You found a job with a company that you love. Or maybe you found a job that bring you joy majority of the time. When you go to work, you are always happy because of your colleagues and probably the culture. And you are paid what you deserved.
And because of that, you put in most of your waking hours into your work. You show up everyday, never missing a day. When there’s a crisis, you are always first to respond because you are professional and very responsible.
If you do it out of your own freewill, that’s great. At least you are intentional about it.
Then come a day when something happened in your personal life that required your immediate attention. And it’s a weekend. It’s your much deserved rest day. At the same time, because of your “constant” showing up at work, your bosses want you to work over the weekends to prepare for a proposal for an upcoming contract that the company desparately needs.

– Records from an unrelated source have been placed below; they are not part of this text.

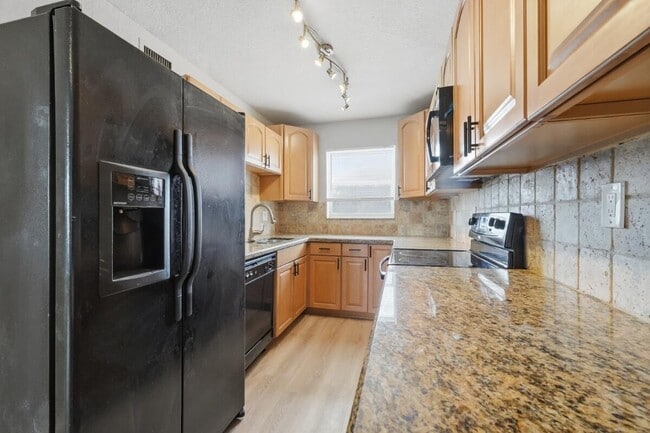 Foto del edificio - 6191 SW 37th St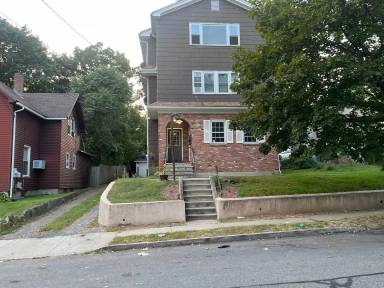 Main picture of 14 Howe St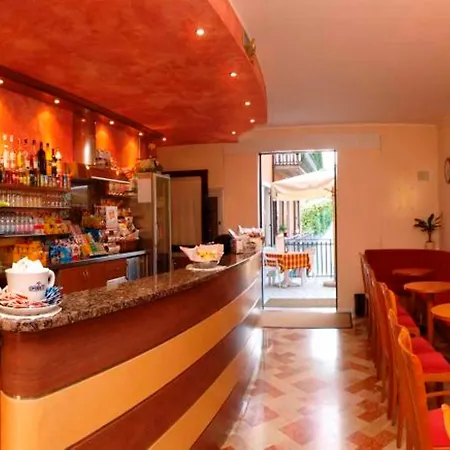Garda Family House Hotel Castelletto Di Brenzone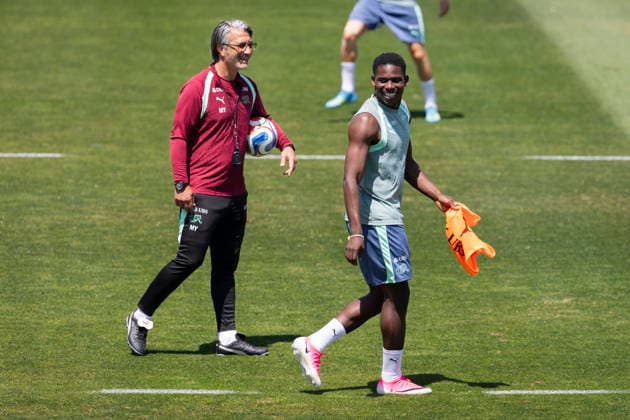 FIFA World Cup, WM, Weltmeisterschaft, Fussball 2026 - Switzerland training session Switzerland s head coach Murat Yakin (L) talks to his player Breel Embolo participates in a training session of the Swiss national soccer team at the SDJA in San Diego, California, USA, 10 June 2026. Switzerland are drawn in Group B of the upcoming FIFA World Cup 2026 starting on 11 June 2026 and running until 19 July 2026. San Diego United States  Copyright: xPETERxKLAUNZERx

Now, because you are so responsible and professional, you choose to do what your bosses asked and put the personal situation aside. The situation could be anything. It could be something as simple as your best friend’s birthday, or as tragic as someone you love died, or something as joyous as your wife is giving birth to your first child.

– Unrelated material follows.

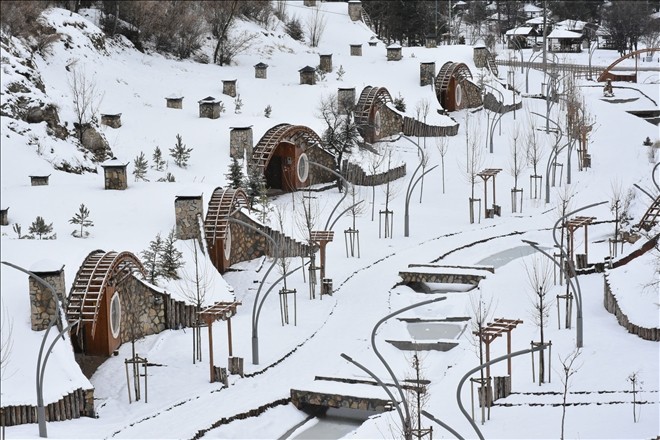 ´Hobbit Evleri´ kışın da cazibe merkezi olacak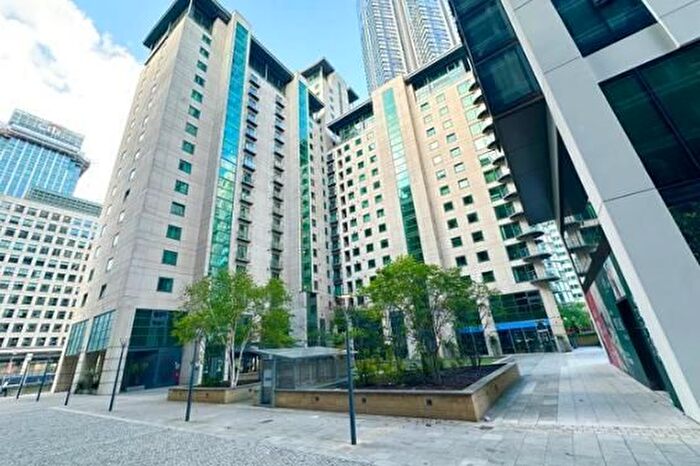 3 Bedroom Flat To Rent In Discovery Dock, South Quay Square, South Quay, Canary Wharf, London, E14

Maybe you don’t think it’s wrong. Maybe you think that there’s always another time.
But life is unpredictable. By putting your work and the company your work for front and center of everything, you risk creating a massive discontent and imbalance in your life. Who knows one day, the company decides to lay you off because of lack of funds in its banks. Then you finally realise you sacrifice your life, energy, and relationships for the wrong reason.
I’m not saying not to be irresponsible or be unprofessional. But there has to be a line between you taking care of your tasks and you putting yourself, your life, your relationship first. Nothing, and I mean nothing, is more important than your family, your friends and your health. After all, the company is not going to cry when you die. Maybe your friends who are also your colleagues will. The company is not going to miss you when you leave. They will just hire another to replace you. You are there to add value to the company’s bottom line and in return you are paid for the effort. If you can’t add value, you are let go.
So if you think or feel that you should take a day off from work, do it. And if the company decides to force you to go back for a team building event on a weekend and it’s a non-working day, it doesn’t mean you should go for it unless, well, you really love hanging out with your colleagues. Then, by all means go. I for one only have my weekends to catch up on my sleep and rest. So I draw a line there.
Always remember that, the company doesn’t own you even though the company usually has a bigger negotiating power. At the end of the day, both of you are in a service contract that can be terminated anytime. When the contract is terminated, you don’t own the company anything unless, well, you stole something that doesn’t belong to you.